Therefore, after the memory unit required for storing the suffix array is allocated, the memory unit can be divided into a plurality of data blocks, the positioning information of each data block is collected, and then a plurality of substrings or a plurality of suffixes are stored in the plurality of data blocks according to the positioning information of each data block.

In this embodiment, the storage unit may be partitioned in different processing manners, such as uniform partitioning or partitioning according to buckets, which is not specifically limited in this embodiment.

For any character string, required storage units can be firstly allocated to the character string and a suffix array of the character string, and then the storage units for storing the suffix array of the character string are divided into a plurality of data blocks according to a preset dividing mode. The preset dividing manner may be determined by a user according to actual needs, and this embodiment does not limit this.

Taking uniform partitioning as an example, if the preset partitioning manner is uniform partitioning and the partitioning number is m, the storage unit of the suffix array of the character string may be partitioned into a plurality of blocks of the same size to obtain the uniform blocksBlock, in which the symbol

Figure BDA0002238686170000062

Meaning that the ratio between n and m is calculated and rounded up. In the case of uniform blocking, the block length of each data block is fixed except for the last block. Of course, if the data blocks are partitioned according to buckets, the block length of each obtained data block is generally not fixed.

After blocking, the positioning information of each data block can be collected according to a blocking mode, and the positioning information is used for calculating the block number of a target data block with a specific type of substring or suffix in the suffix array.

Meanwhile, through preprocessing, the value of the L-type character in the character string can be the initial position of the corresponding character bucket in the suffix array, and the value of the S-type character in the character string can be the final position of the corresponding character bucket in the suffix array.

When initializing the block counter of each data block according to the types of the multiple substrings or the multiple suffixes, if the multiple substrings are L-type substrings or the multiple suffixes are L-type suffixes, the block counter can point to the block head position of each data block; if the substrings are S-type substrings or LMS substrings, or the suffixes are S-type suffixes or LMS suffixes, the block counter may be pointed to the position of the block tail of each data block.

During subsequent processing, the block counters for the various data blocks may be reset when determining the type of inductive sorting task currently being executed. For example, if the currently executed inductive sorting task is an inductive sorting L-type substring or an L-type suffix, the block counter may be pointed to the block head position of each data block; if the currently executed inductive sorting task is an inductive sorting S-type substring or an S-type suffix, the block counter can point to the position of the block tail of each data block.

S102, scanning each data block according to a preset sequence;

in this embodiment, the preset order is affected by the type of the currently executed induction sorting task, and may be an order from left to right, or an order from right to left, which is not limited in this embodiment.

In addition, the manner of scanning each data block of the suffix array may be varied. For example, the blocks of data may be scanned serially, block by block, pipelined in parallel, etc. This embodiment is not limited thereto.

S103, sequencing each substring or each suffix in any scanned current data block according to a preset stable sequencing mode;

for the current data block, in case of just storing multiple substrings or multiple suffixes in S101, or further in case of having written a preceding substring or a preceding suffix, it may be processed, i.e. all its substrings or all suffixes are sorted to their final positions in a preset stable sorting manner.

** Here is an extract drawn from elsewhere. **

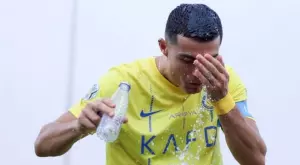 ВИДЕО: Фенове в Иран преследваха автобуса на Роналдо с километри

It should be noted that the way of processing the data block is affected by the way of scanning each data block of the suffix array, and after all the substrings or all the suffixes in the current data block are stably ordered in a single-thread serial manner, each substring or each suffix in the current data block is scanned and processed according to a preset sequence; or, the pipeline scans each data block of the suffix array in parallel, scans and processes the substrings or suffixes in the previous data block in a preset order while stably ordering all the substrings or suffixes in the current data block in multiple threads, and the like.

Take bucket ordering as an example. The substrings or suffixes in the current data block can be scanned one by one; then, according to the initial character of the substring and the barrel counter of the current data block, the substring is sequenced to the position indicated by the barrel counter corresponding to the initial character; or, according to the initial character of the suffix and the bucket counter of the current data block, sorting the suffix to the position indicated by the bucket counter corresponding to the initial character.

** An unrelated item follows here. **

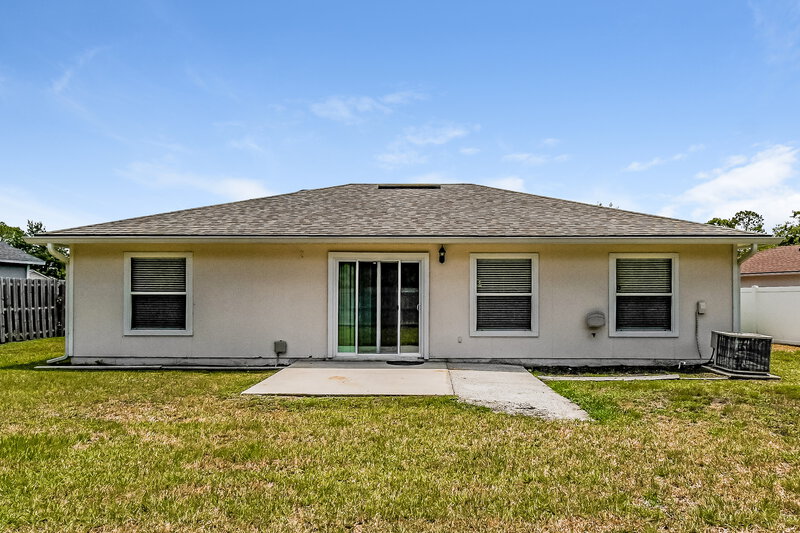 1,880/Mo, 10352 Wood Dove Way Jacksonville, FL 32221 Rear View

And updating the position indicated by the bucket counter corresponding to the initial character in the current data block when one substring or suffix is sequenced.

For example, if the substring is an L-type substring or the suffix is an L-type suffix, the position indicated by the bucket counter may be shifted to the right by one bit; if the substring is an S-type substring or the suffix is an S-type suffix, the position indicated by the bucket counter may be shifted to the left by one bit.

S104, scanning each substring or each suffix in the current data block according to a preset sequence;

in this embodiment, the preset order is affected by the type of the currently executed induction sorting task, and may be an order from left to right, or an order from right to left, which is not limited in this embodiment.

S105, aiming at any scanned target substring or target suffix, determining a target data block to which a specific type of preceding substring of the target substring or a specific type of preceding suffix of the target suffix belongs;

a target substring or target suffix may refer to that substring or suffix that was scanned in the current round.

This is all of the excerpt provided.